Instructions to follow >> Reproduce exactly the lines below from the one containing "Traje Fallera Niña Rosa y Dorado" through the one containing "Durite de radiateur CAUTEX 021126", including both, and nothing else.

━━━━━━━━

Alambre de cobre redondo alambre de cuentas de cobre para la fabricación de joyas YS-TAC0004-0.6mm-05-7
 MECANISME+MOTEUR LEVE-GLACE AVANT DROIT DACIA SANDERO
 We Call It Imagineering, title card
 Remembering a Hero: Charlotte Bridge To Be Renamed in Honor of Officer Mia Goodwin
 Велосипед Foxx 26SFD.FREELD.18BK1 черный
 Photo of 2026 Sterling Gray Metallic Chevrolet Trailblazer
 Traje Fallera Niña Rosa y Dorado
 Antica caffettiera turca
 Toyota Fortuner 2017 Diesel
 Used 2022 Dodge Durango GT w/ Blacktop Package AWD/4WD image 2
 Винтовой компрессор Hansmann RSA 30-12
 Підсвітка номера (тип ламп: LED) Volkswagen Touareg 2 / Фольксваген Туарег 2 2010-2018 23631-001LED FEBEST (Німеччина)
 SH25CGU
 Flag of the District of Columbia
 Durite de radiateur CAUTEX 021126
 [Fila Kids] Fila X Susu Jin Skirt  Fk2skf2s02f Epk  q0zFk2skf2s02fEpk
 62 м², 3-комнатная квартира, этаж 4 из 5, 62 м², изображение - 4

━━━━━━━━

Exercise answer >>
 Traje Fallera Niña Rosa y Dorado
 Antica caffettiera turca
 Toyota Fortuner 2017 Diesel
 Used 2022 Dodge Durango GT w/ Blacktop Package AWD/4WD image 2
 Винтовой компрессор Hansmann RSA 30-12
 Підсвітка номера (тип ламп: LED) Volkswagen Touareg 2 / Фольксваген Туарег 2 2010-2018 23631-001LED FEBEST (Німеччина)
 SH25CGU
 Flag of the District of Columbia
 Durite de radiateur CAUTEX 021126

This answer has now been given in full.